The National Archives has this detailed picture of foreign-born residents of London for tax reasons. In 1483, the Crown took an inquest of the City of London and the surrounding areas to find out who was liable to pay the ‘alien subsidy’. This tax was a two-shilling payment from every first-generation immigrant to the Crown, first granted to King Henry VI in 1440. Justices of the Peace and juries of local men were tasked with collecting the names of first-generation immigrants in their area who were subject to the tax.
The list of names, and in some cases occupations, gives us a sense of the diversity of medieval London. It includes 1,595 foreign-born individuals who were subject to the tax.
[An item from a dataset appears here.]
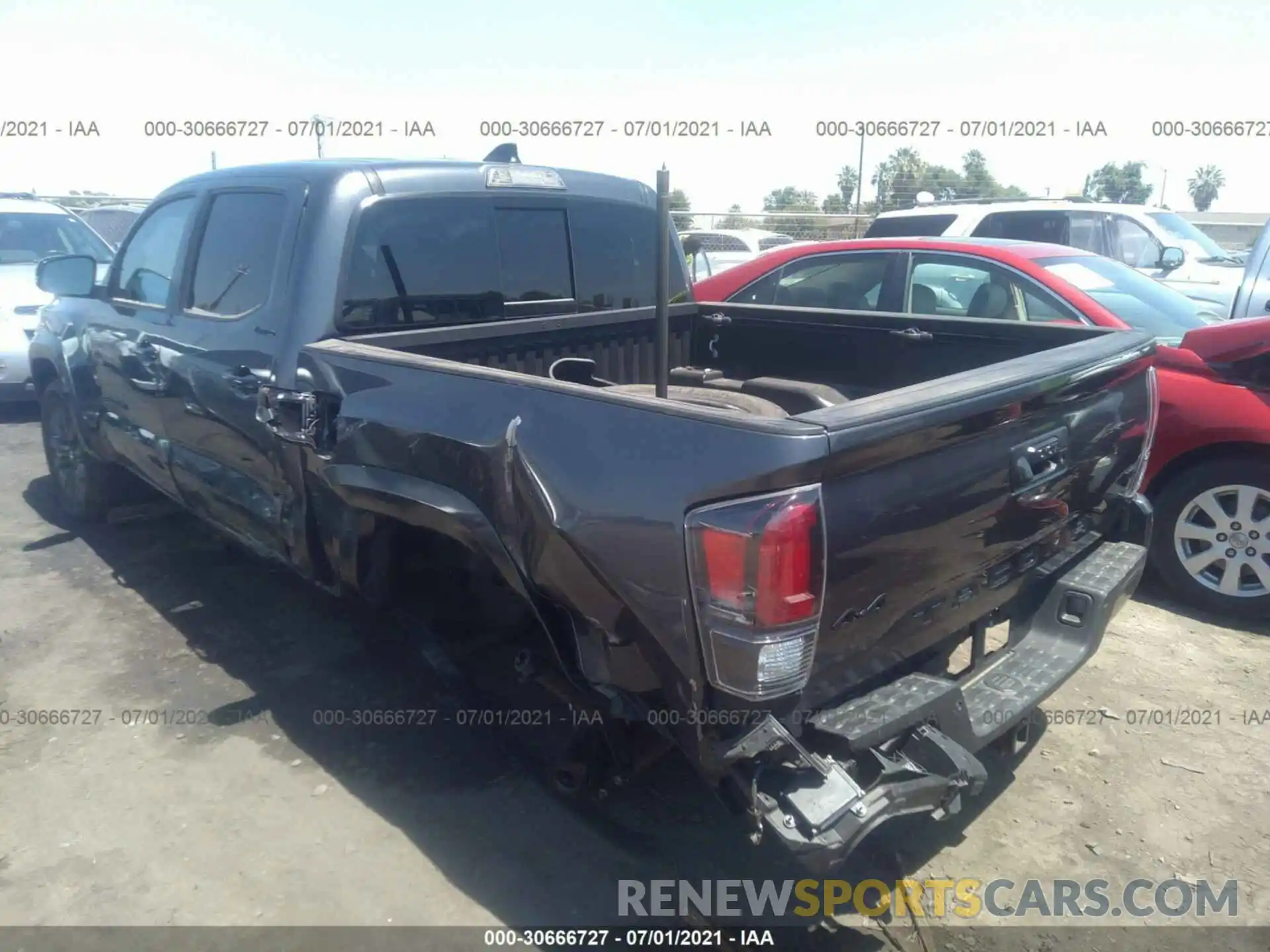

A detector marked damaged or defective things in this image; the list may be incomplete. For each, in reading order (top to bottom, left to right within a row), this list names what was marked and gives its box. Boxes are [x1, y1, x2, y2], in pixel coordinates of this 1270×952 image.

damaged toyota tacoma [30, 149, 1154, 873]
broken tail light [683, 484, 826, 698]
crumpled rear bumper [725, 532, 1154, 873]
However, this extensive list only covers some of the immigrants in medieval London. Some notable immigrant communities successfully petitioned the Crown for an exemption from the tax. Italian merchants, Hanseatic merchants (members of the Northern European Hanseatic League, predominantly of German origin), and Castilian (Spanish) merchants were all exempt, as were those French people from parts of France that had formerly been subject to the English Crown, for example Normandy. Considering all of these people, the resident immigrant population of London at this time was around 6% of the city's population.
Sometimes, these tax records are the only record we have of these people. For Benedict and Antonia, we can only speculate why and how they came to London and whether they came from what we would now recognise as India or somewhere else to the east of the Mediterranean.
In some cases, though, we have other traces of these foreign-born residents in the archives. For example, the Roman Nichodeus Trumpet was, as his name suggests, a trumpeter. In the Great Wardrobe account with the costs for Richard III’s coronation, which took place on 6 July 1483, we have a record of a minstrel called Nichodemus being granted red cloth to make new clothes for his participation in the ceremony.